Day of the Spectacle
Almost certainly the first generation of Wii titles will gleefully overexploit the novelty of the Wiimote, using it in every imaginable scenario whether it is appropriate or not, until the gaming public tires of it. Indeed, AWE Games has been approached by multiple publishers in the past six months who seem to embody this attitude: use the Wii controller everywhere and on everything.
I don’t know about you, but I often play games in the wee hours (that is not a pun; in a break with recent convention, there will be nary a ‘Wii’ pun in this entire article, I promise) and the last thing I want to do after midnight is thrash about trying to get the system to recognize that I’d like to pick up the crowbar, please.

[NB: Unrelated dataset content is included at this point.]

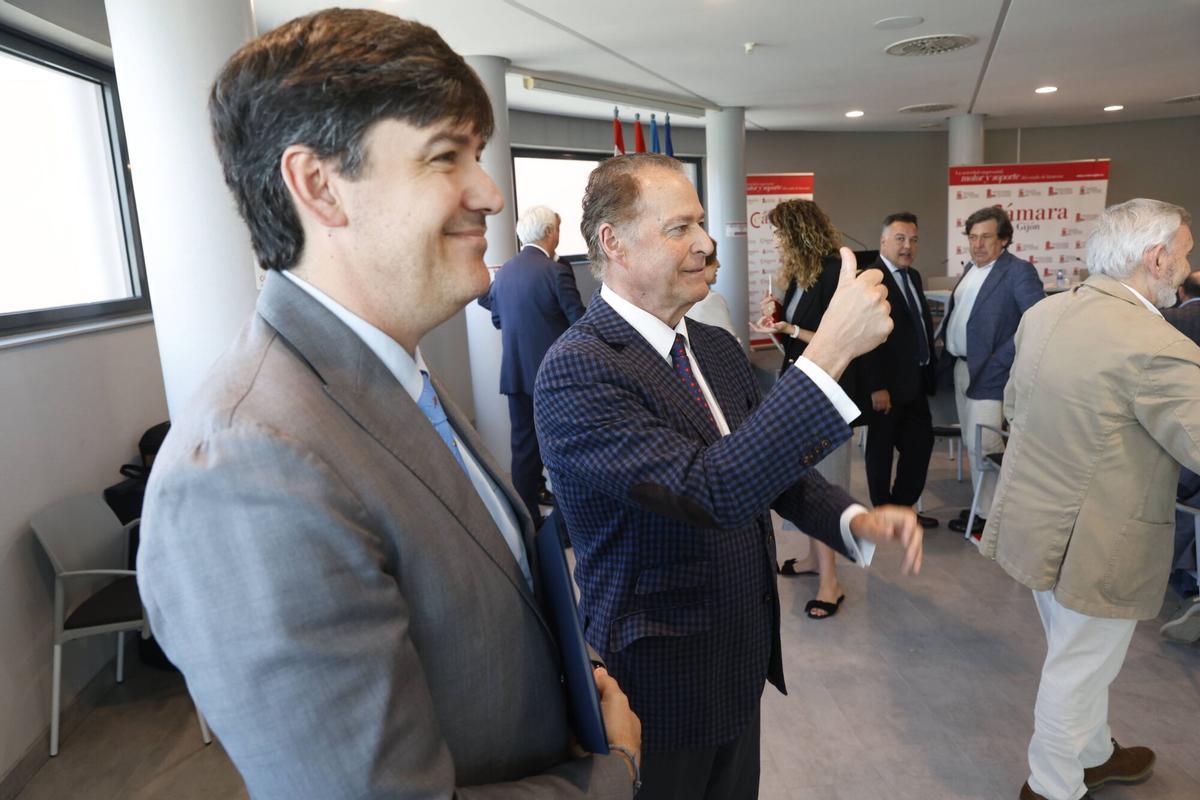 Inicio del plenario de la Cámara de Comercio de Gijón en donde se elegirá a Félix Baragaño como presidente.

In fact, this is an argument that has hounded adventure game developers before in a different guise, that of the smart cursor. I’m a huge proponent of the smart cursor in adventure games, one which is context sensitive and could in theory (much to its opponents’ dismay) parse an ambiguous action in the player’s favor automatically. In practice, this is rarely the case.

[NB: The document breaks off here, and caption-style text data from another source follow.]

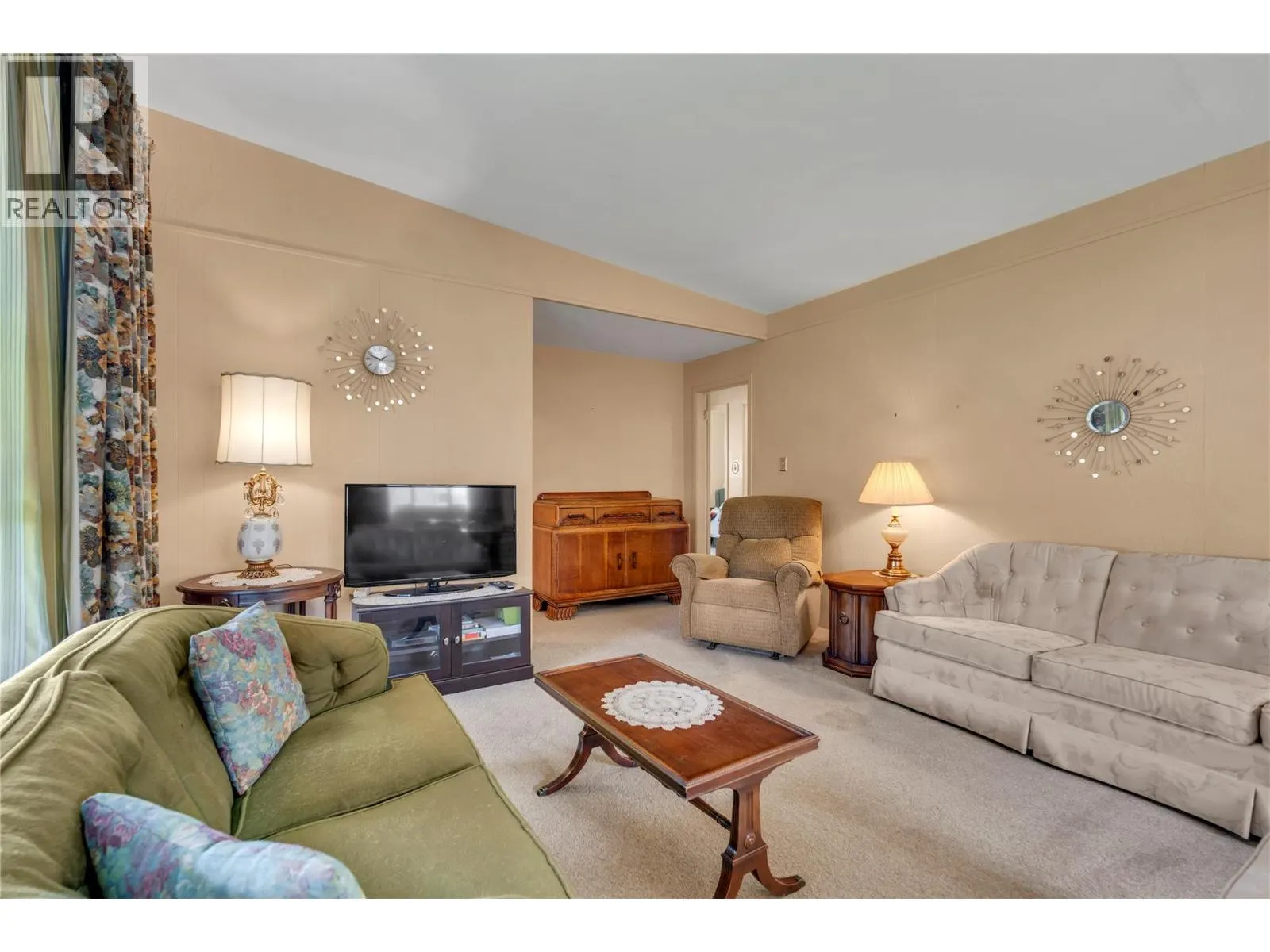 1256 Fairview Road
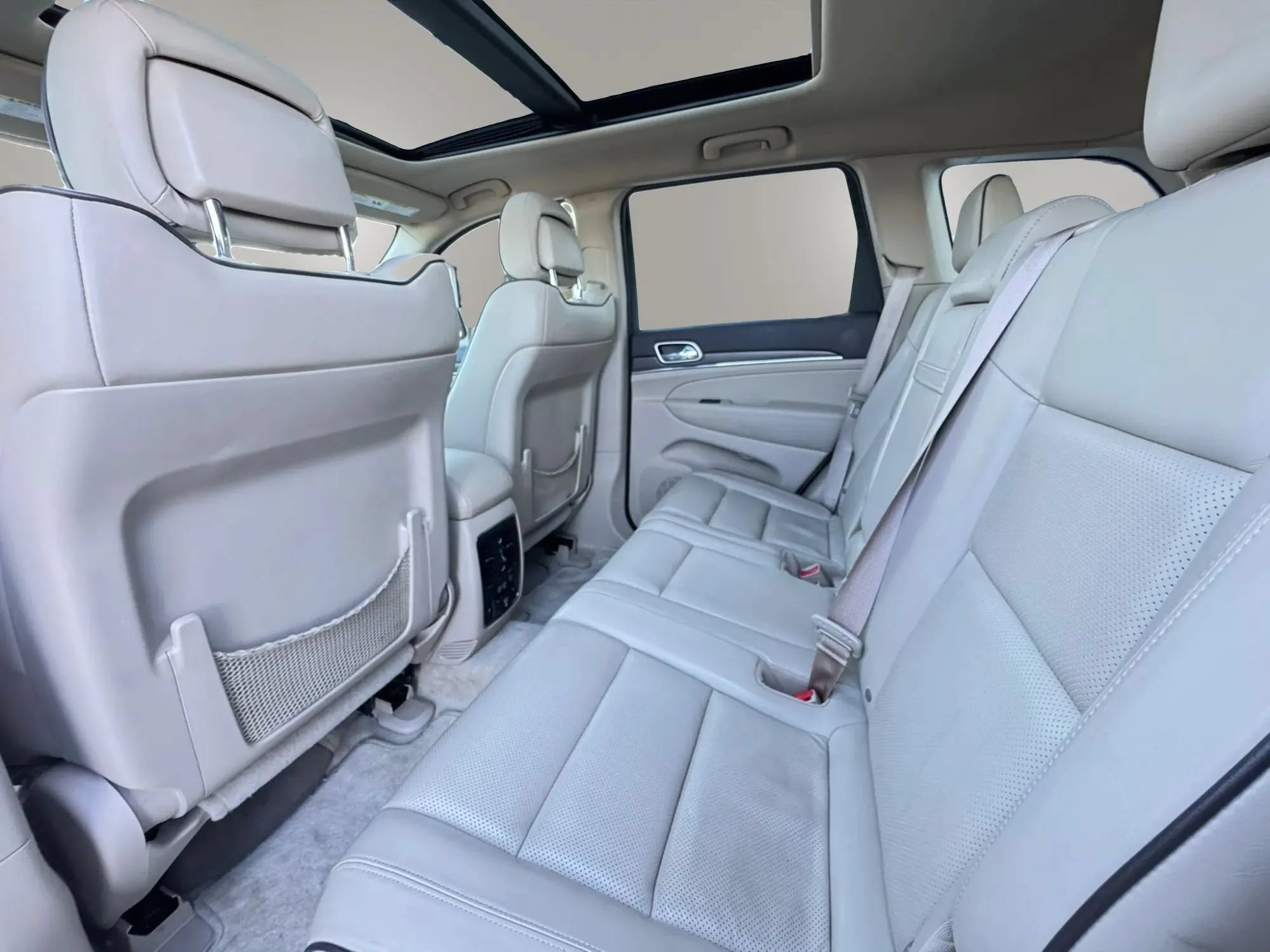 Used 2015 Jeep Grand Cherokee Overland RWD image 13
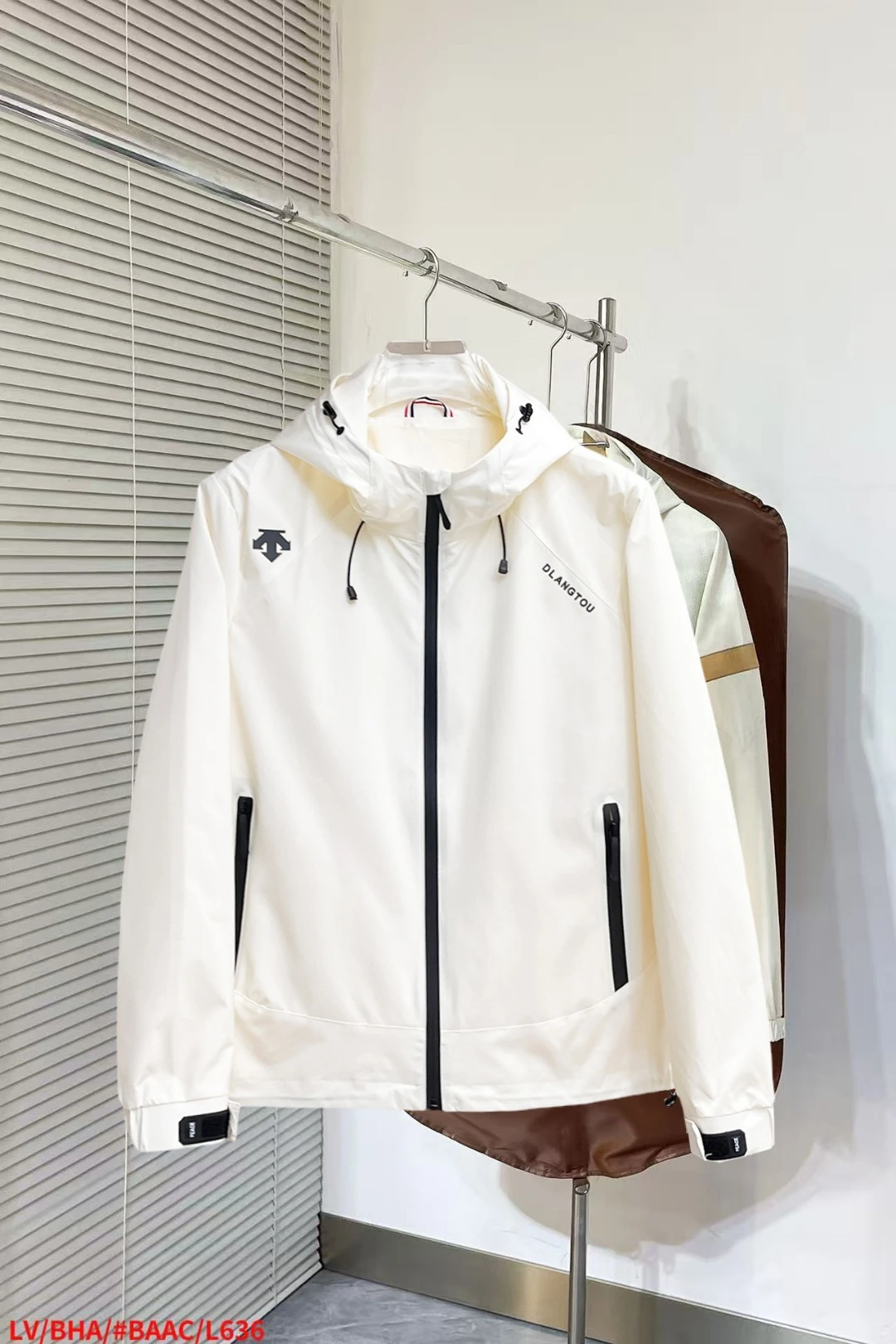 Jackets — 2ea0000c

Call me a lazy gamer, but I believe that obvious and mundane actions in a game should occur with as little input from the player as possible, e.g., if I click on a door, I want it to open. I don’t want to select the open button and then click on the door, I don’t want to cycle through 8 different cursor states to find the open icon, and I imagine I’d enjoy twisting my wrist in a simulated open motion even less appealing. Skip the minutiae. A ‘no guesswork’ style of interpretation seems more appropriately saved for important actions - disarming a bomb, or picking a lock. Things that I don’t often get the chance to perform in real life.
Broken Sword
Even the most obvious application the Wii offers in the context of this article – that of Wiimote as mouse replacement – is fraught with issues. This became painfully obvious to me personally while playing Ubisoft's Red Steel. Now, I realize this is a shooter, and as such, requires both more accuracy and diligence when operating the controls than an adventure game. Nevertheless, what I found was that, since there is no ‘neutral’ position for the onscreen targeting cursor, I had to remain on my toes at all times, gripping and aiming the Wiimote without respite.

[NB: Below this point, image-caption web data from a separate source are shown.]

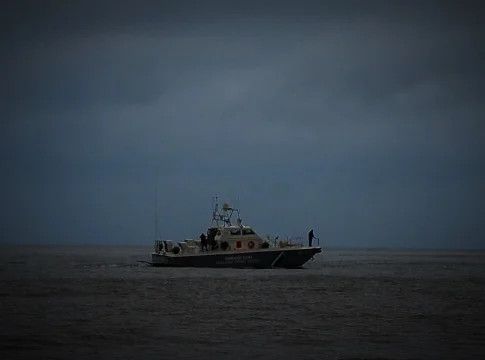 Σκάφος με δεκάδες μετανάστες ανοιχτά του Τσούτσουρα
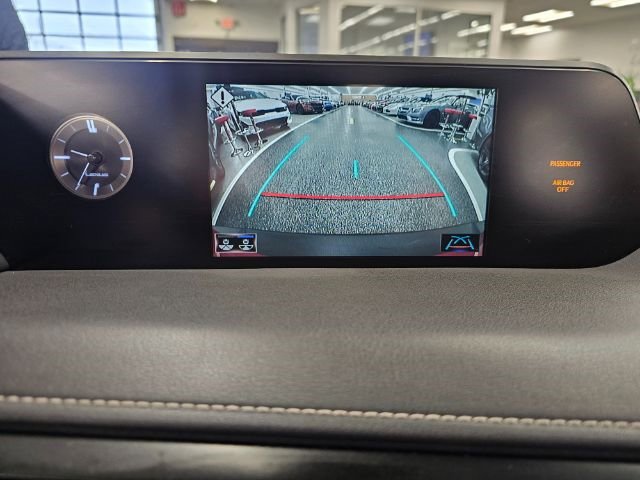 Used 2021 Lexus UX 250h UX 250h AWD w/ Accessory Package (Z1) image 18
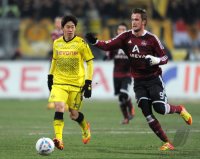 Fussball 1. Bundesliga, Saison 2011/2012:  Shinji Kagawa (li, Borussia Dortmund) gegen Tomas Pekhart (1 FC Nuernberg)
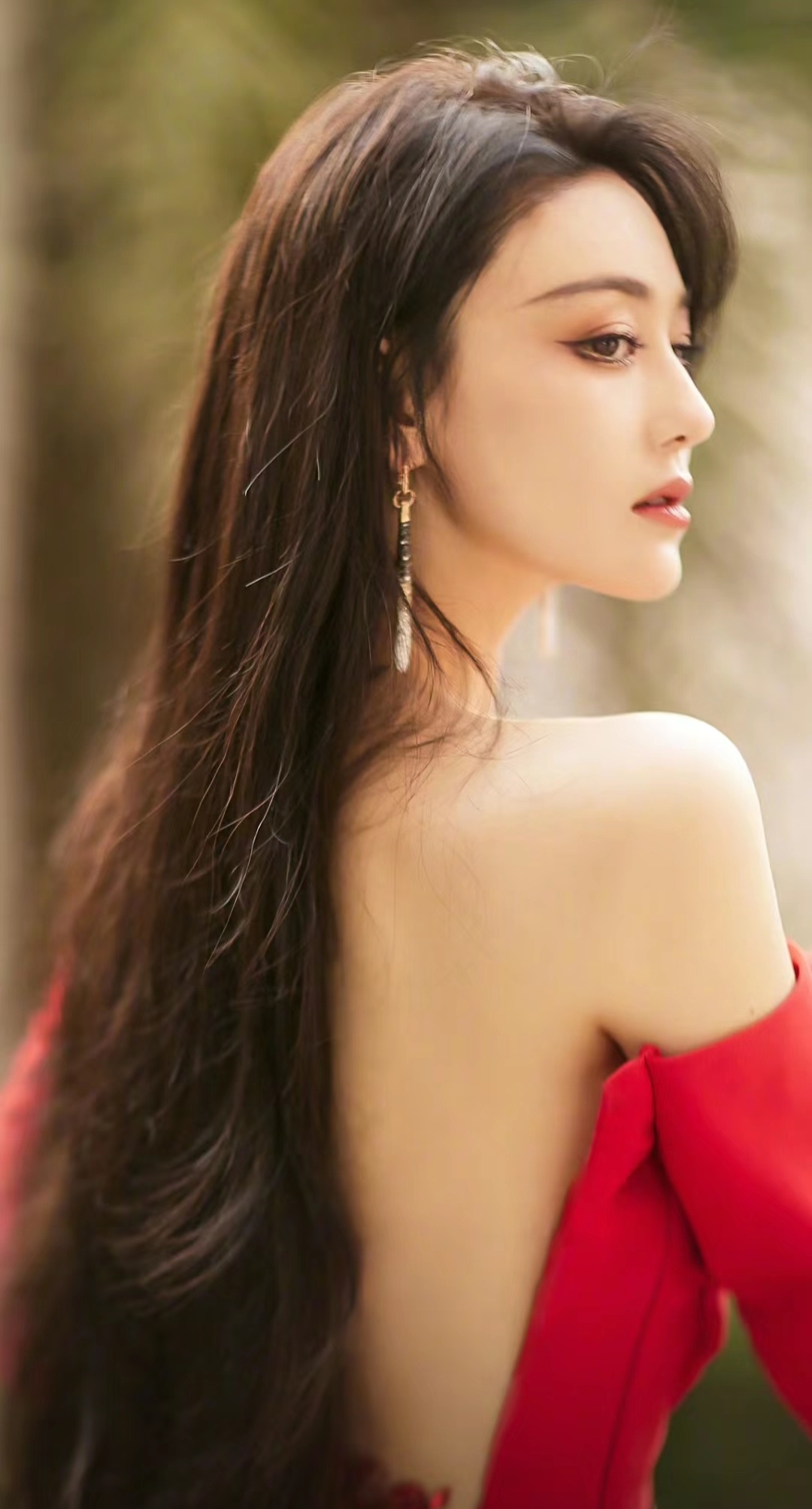 张馨予# 一袭红色抹胸礼服,性感妩媚至极,尽显完美身材.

This was uncomfortable at first, and soon became unbearable. As a makeshift solution, I held the Wiimote with my thumb at the back, my elbow resting in my lap, and my forearm extended to about chin height. This shift in position may have increased my aiming accuracy, but it too became uncomfortable after a short time.
A few more half-hearted attempts later I stopped playing the game entirely. If the game had the aforementioned ‘neutral’ position, that is, if moving the Wiimote blatantly off-screen centered the target, this might not have been such a problem.
I am of the opinion that the developers of this game were ‘encouraged’ to include every motion sensing aspect of the Wiimote, whether they thought it enhanced gameplay or not. A blatant (in my opinion) example of this was the tilt sensor. Apparent out of the gate was the fact that my natural sitting/gaming position tilts the Wiimote towards my left hand at an angle of about 15 degrees. This was reflected by my on-screen gun hand, which was perpetually angled in a similar way. As far as I could tell, this added nothing to gameplay – it was simply annoying.

Is Red Steel's gun tilting really necessary?
This is not to suggest that there aren’t unique gameplay opportunities to explore via the Wiimote, just that the best suited control choices will likely be natural extensions of gameplay, not contrived elements concocted near zero hour to fulfill a quota imposed from above.
Adventure games on the Wii would be better served by a more subtle control scheme, using the motion sensors more as adjuncts than as principal players. Use the Wiimote as a mouse replacement, sure, but keep your hotspots forgiving and don’t bother translating tilt if it isn’t needed. The same basic tenets apply to the DS. For adventure games and other story driven genres at least, let the gameplay dictate the control, not the other way around.